------ The data
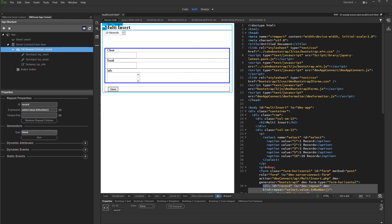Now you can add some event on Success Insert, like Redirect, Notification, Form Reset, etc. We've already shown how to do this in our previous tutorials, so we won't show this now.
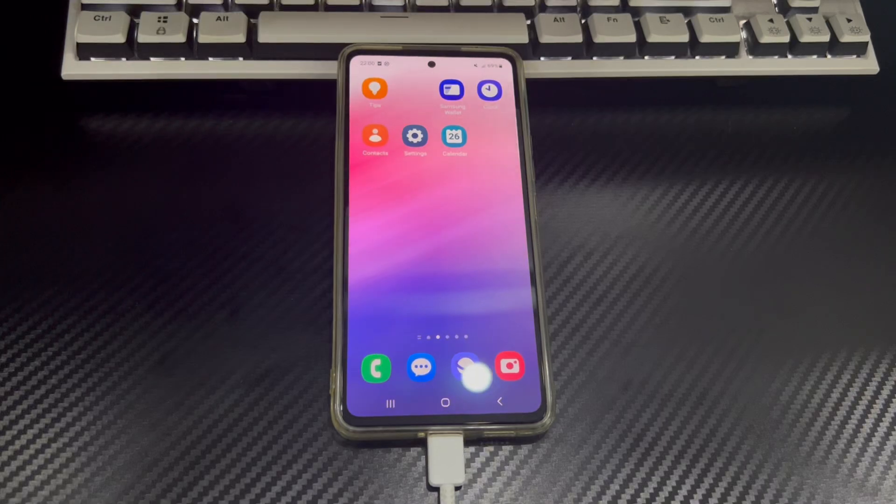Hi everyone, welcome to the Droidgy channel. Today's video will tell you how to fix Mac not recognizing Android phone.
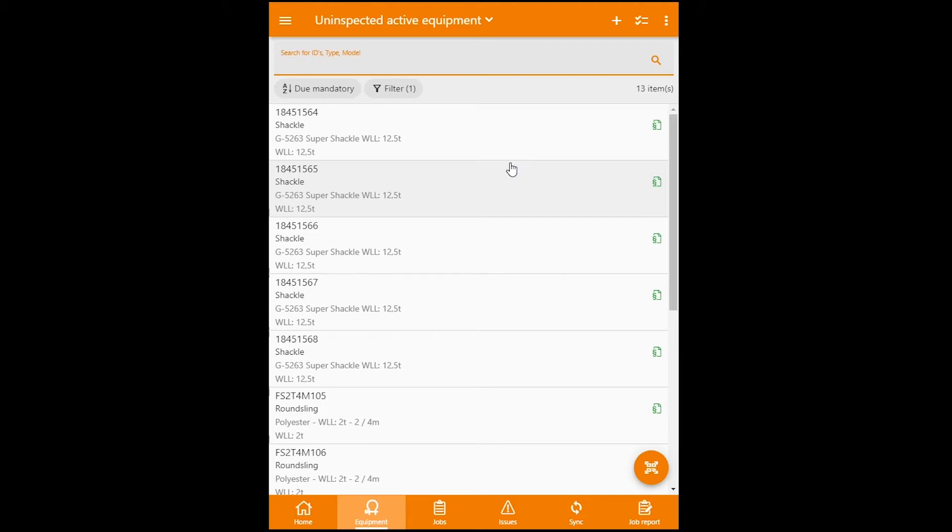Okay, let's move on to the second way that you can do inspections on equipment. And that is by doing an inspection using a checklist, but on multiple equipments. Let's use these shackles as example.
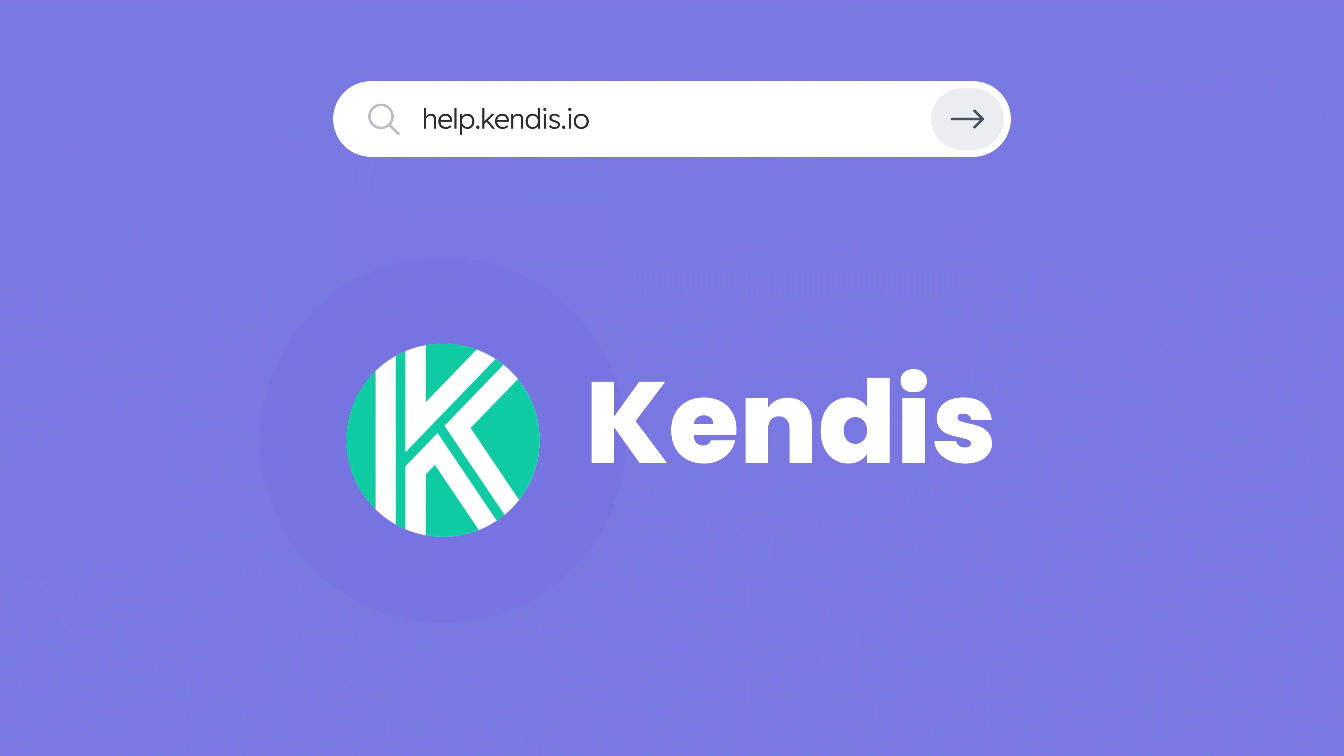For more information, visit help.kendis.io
------------
Retype the data in full. Images do not go in the copy.

Solution for this problem ::
Now you can add some event on Success Insert, like Redirect, Notification, Form Reset, etc. We've already shown how to do this in our previous tutorials, so we won't show this now.
Hi everyone, welcome to the Droidgy channel. Today's video will tell you how to fix Mac not recognizing Android phone.
Okay, let's move on to the second way that you can do inspections on equipment. And that is by doing an inspection using a checklist, but on multiple equipments. Let's use these shackles as example.
For more information, visit help.kendis.io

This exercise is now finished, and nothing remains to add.